• Aim of the task
Without its pictures, the listing below is to be transcribed exactly.

• Data provided
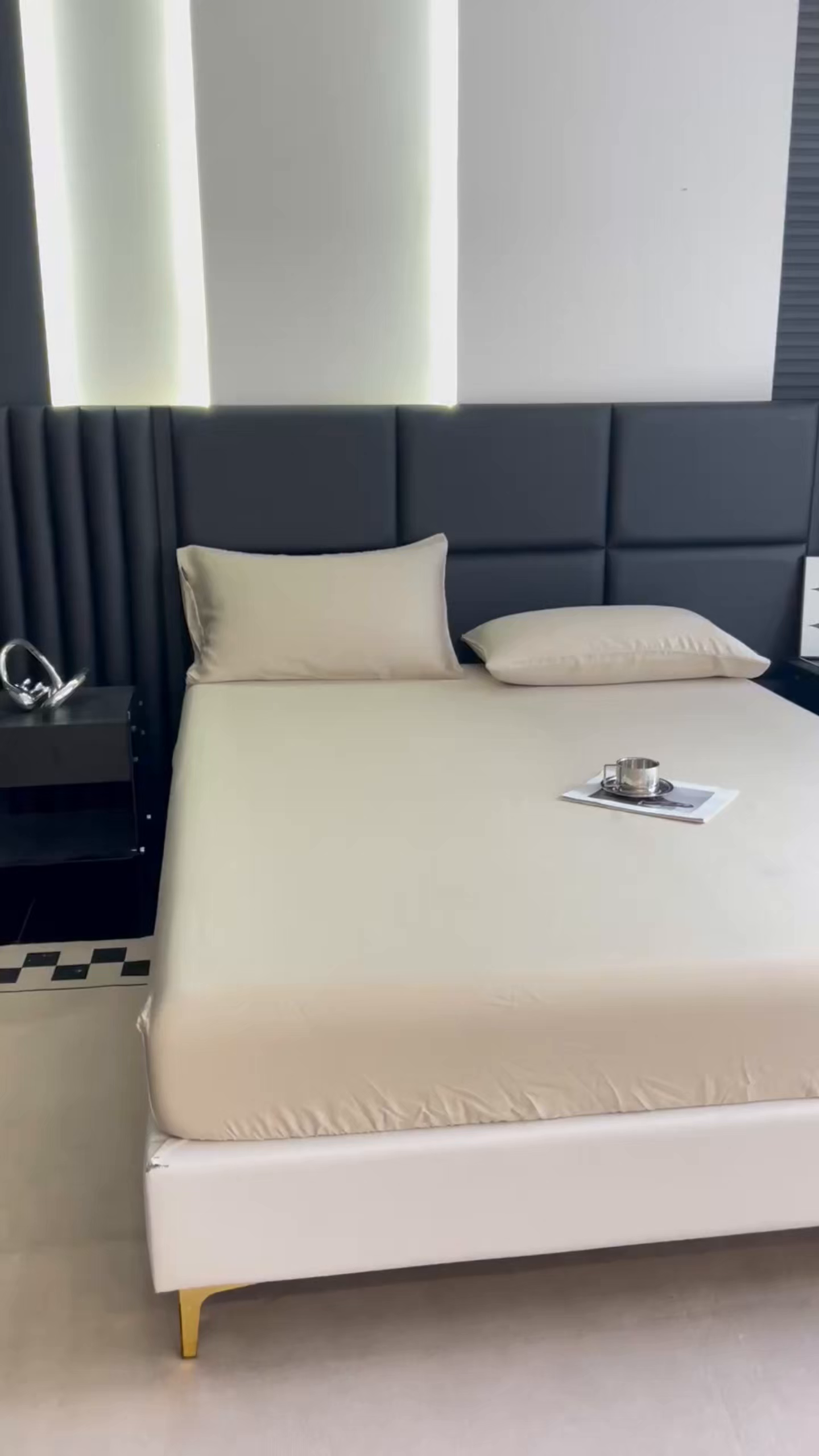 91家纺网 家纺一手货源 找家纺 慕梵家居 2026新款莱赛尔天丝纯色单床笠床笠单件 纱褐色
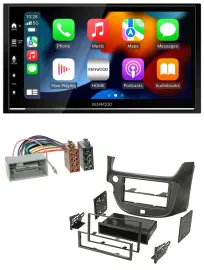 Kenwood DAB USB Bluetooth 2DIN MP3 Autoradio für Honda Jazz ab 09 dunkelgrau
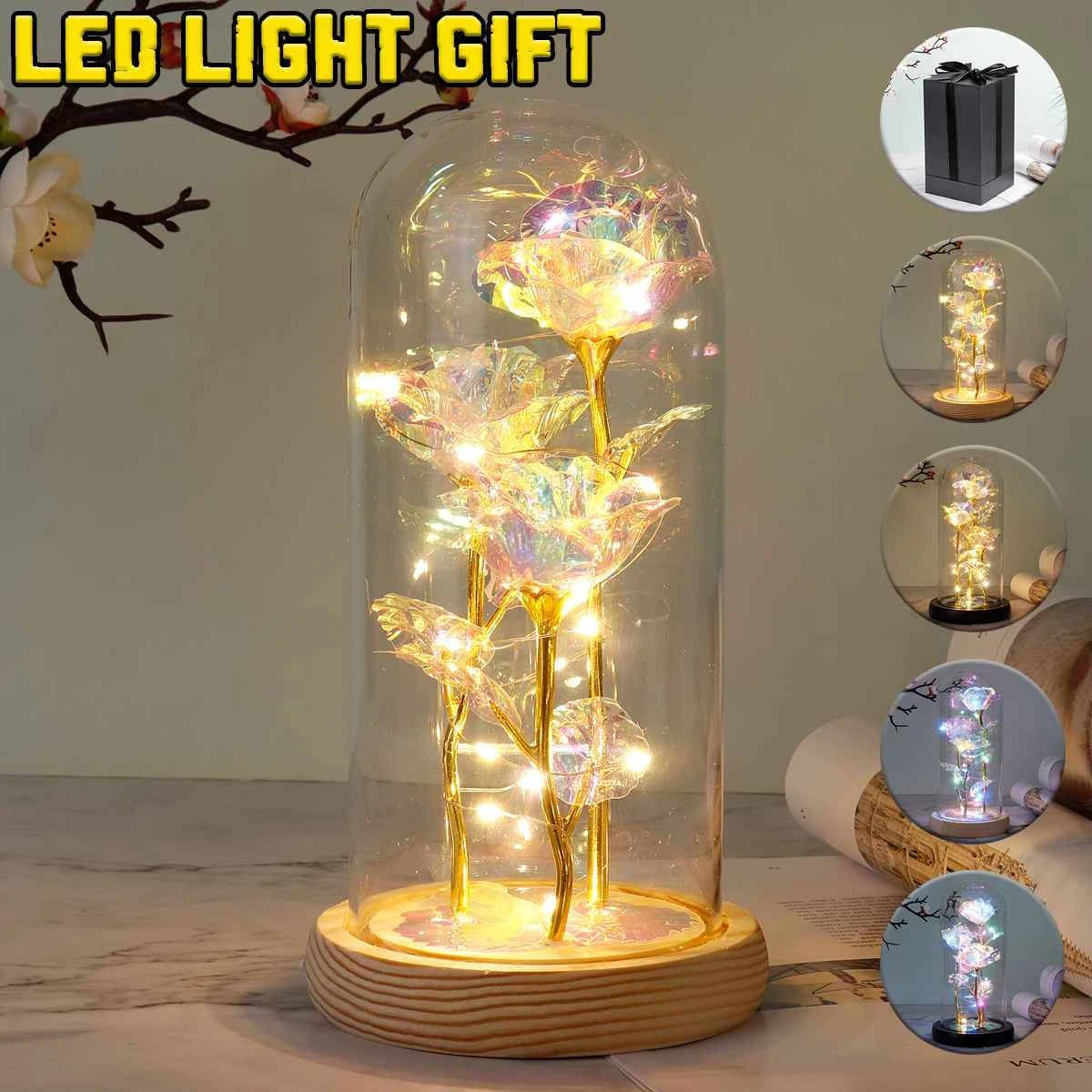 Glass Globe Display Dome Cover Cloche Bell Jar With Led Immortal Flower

• Problem solution
 91家纺网 家纺一手货源 找家纺 慕梵家居 2026新款莱赛尔天丝纯色单床笠床笠单件 纱褐色
 Kenwood DAB USB Bluetooth 2DIN MP3 Autoradio für Honda Jazz ab 09 dunkelgrau
 Glass Globe Display Dome Cover Cloche Bell Jar With Led Immortal Flower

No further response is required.